Krakau 3
De zoutmijnen en houten kerken van Polen.
In de vroege
ochtend vertrekken we richting Wieliczka. De beroemde zoutmijn daar staat als eerste
genoteerd. Vervolgens reizen we door naar Zakopane, een typisch Poolse stad,
gelegen op 900 meter hoogte aan de voet van de Hoge Tatra. Waren we gisteren
tijdig terug na een korte excursie in Wadowice, het dorp waar Paus Johannes
Paulus II is geboren, vandaag zullen we aan het begin van de avond terug zijn.

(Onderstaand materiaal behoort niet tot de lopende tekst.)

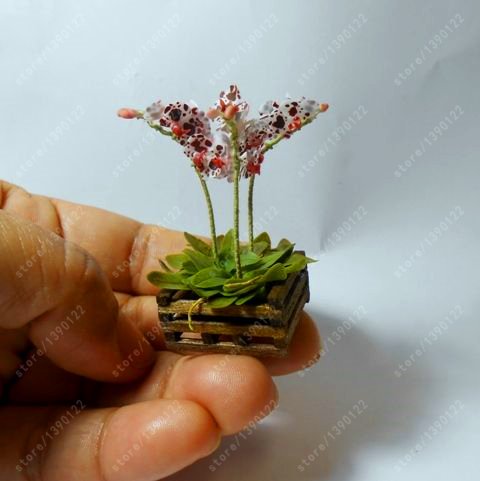 100 pc/bag rare mini orchid orchid orchid Phalaenopsis indoor miniature seed flowers garden bonsai orchid home garden vase 6 - Afbeelding 4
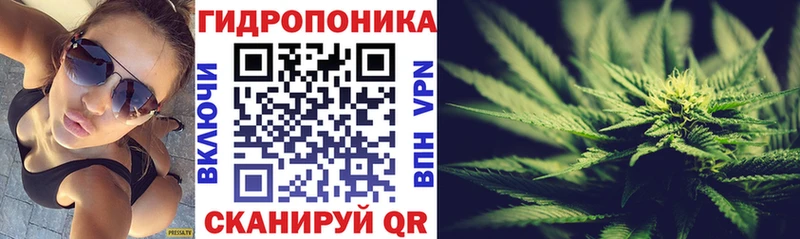 Шишки марихуана SATIVA & INDICA  даркнет сайт  Барнаул 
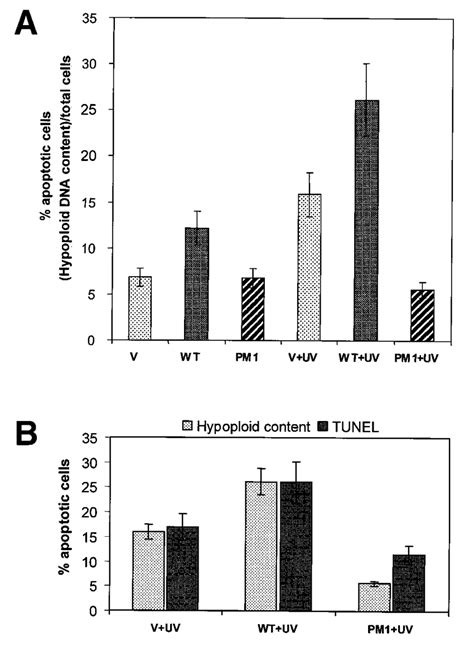 P33 Ing1b Pip Mutants That Do Not Bind Pcna Do Not Induce Apoptosis Download Scientific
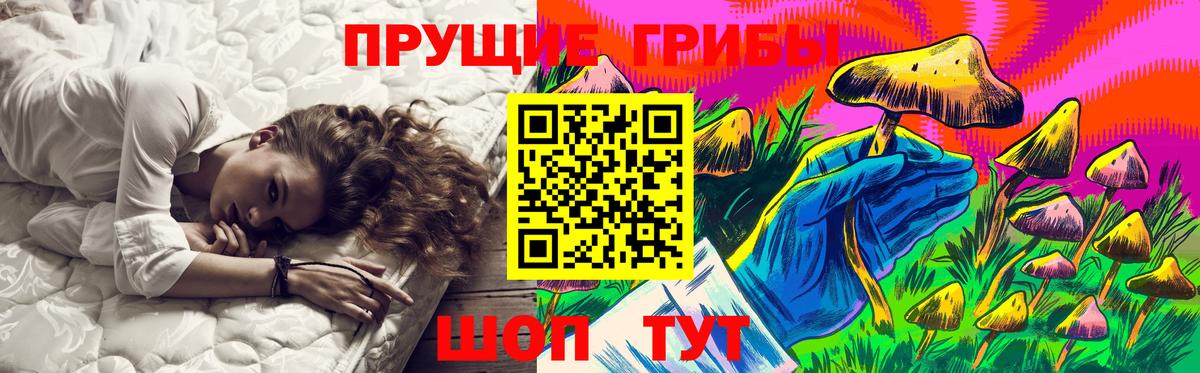 Псилоцибиновые грибы Cubensis Кисловодск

Wadowice teert nog op haar beroemde stadsgenoot, de kerk uit zijn jeugd is
bijkans een pelgrimsoord geworden. En de commercie snoept handig mee in het
aanbod van allerlei souvenirs waaraan de naam Pope listig is verbonden. Zoals
de heerlijke tompouces, die alle restaurants in diverse groottes en prijzen
aanbieden.
Het landschap
glijdt voorbij, de reisleider vertelt onderhoudend. ‘Polen heeft 38 miljoen
inwoners en is twaalf keer Nederland. Op zaterdag wordt er getrouwd. Eerst
stadhuis, daarna kerk. Aan het eind van de middag begint het grote feest, waar
ieder een fles wodka drinkt gedurende de bruiloft. Bruid en bruidegom drinken
champagne, gooien het glas over de schouder en mogen een wens doen. Daarna komt
er een rond brood, het bruidspaar neemt er een hap uit, ze strooien er zout op
en eten het op. Dat betekent: geluk! Ieder doet dat na. Die nacht wordt er
gefeest tot een uur of vier, de volgende morgen is er rond elf uur uitgebreid
koffie, gevolgd door een maaltijd. In de middag is het feest voorbij.’
Zoals bij
alle highlichts is het ook bij de zoutmijn een drukte van belang. Een gids
staat klaar en leidt ons door de strenge controle en begint zijn verhaal. ‘In
deze mijn wordt vanaf de 13e eeuw zout gewonnen. Voor de Poolse
koningen was dit één van de belangrijkste inkomsten. Het meeste geld werd
gebruikt voor oorlog voeren. De mijn bevat negen niveaus en is tot 327 meter
diep. Alleen de hoogste drie niveaus zijn toegankelijk voor toeristen; vanaf
het achtste niveau staat de mijn onder water door de overstromingen in 1993. De
totale lengte van de gangen bedraagt ruim 250 kilometer. Bijzonder is dat door
het microklimaat op 200 meter diepte een sanatorium is. Dit klimaat is ook de
beste remedie tegen een kater,’ met deze luchtige opmerking gaat hij ons voor.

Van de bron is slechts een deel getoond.